当たり前じゃなかったんだ

忘れないうちにメモ

昨日は高校時代からの友人と会ってブラブラと街を歩いた。

昨年の夏頃以来だ。

あのときは自分が障害を抱えていることを思い知る辛い日だった。

「普通に」歩けない、「普通に」話せない。

何度も駅のホームでエレベーターを探した。

周りがスマホに釘付けになっているロボットのような人だらけで誰も気にしていない。

でも自分もそのロボットだったのだから悪く言う資格はない。

親しい友人と会う予定なんて「普通は」楽しいことだ。
リフレッシュになってまた明日から頑張るぞ、となったりするものだ。
それが「当たり前」だと思っていた。

だからとてつもなくショックだった。

精神的におかしくなっていた頃は、身体がまだ強張っていて、中途半端に動いていた。
あの時はあの時で、人生を終わらせていたかもしれない危うい行動をとっていたから別の意味で辛かった。

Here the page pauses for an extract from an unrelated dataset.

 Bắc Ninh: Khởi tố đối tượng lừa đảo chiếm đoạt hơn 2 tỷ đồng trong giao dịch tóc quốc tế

でも精神面が回復しても一向に身体が動かない状況が一年ほど続いて苦しかった。

友人との外出が恐怖になるなんて思いもしなかった。

でも昨日は違った。

久々の外出だからとても疲れはしたが、
「普通に」歩けたし、「普通に」話せた。
足が動かなくなって座り込んだり、壁にもたれかかることもなかった。
発作もなかった。

これは特別なことだったんだ、と実感した。

当たり前のことが当たり前じゃない、といったフレーズは世に溢れている。
綺麗事として、流す人(ちょっと前の自分)もいる。

これは理屈ではなく経験で実感することでしか、真に理解した、といえないことがわかった。

ありがたかった。
うれしかった。
悲しくないのに沢山涙が出た。

玉置さんの旭川公演のあとのような、美瑛の「セブンスターの木」で夕暮れの地平線を見たあとのような感覚を得た。

身体が軽い。不安がない。
体の中心から全身が暖かくなる感覚がある。
でも熱はなくて穏やかな心持ちだ。

これが医師兼カウンセラーの先生が言っていた「病気が治っていくこと」なんだと思う。

まだたった一日。でも大きな一歩に違いない。

きっともうすぐ報われる。

一生病気を抱えるのではなく、「完治」をめざしたい。
ずっとそう思ってやってきた。

でも3年間報われることはなかった。

あと少しで手が届くような気がする。

忘れないようにしよう。

そういえば辛かったあの日も、壁にもたれかかった私に見ず知らずの方が「大丈夫ですか?」といって声をかけてくれた。
夏場だったから熱中症と思ったのか、塩分補給のタブレットを渡してくれた。

私もそういう人間になりたい。

世の中にほとんど何のインパクトも与えられない、ただの自己満足でも、偽善だと嘲笑われても、そういう一歩を「普通に」踏み出せる人になりたい。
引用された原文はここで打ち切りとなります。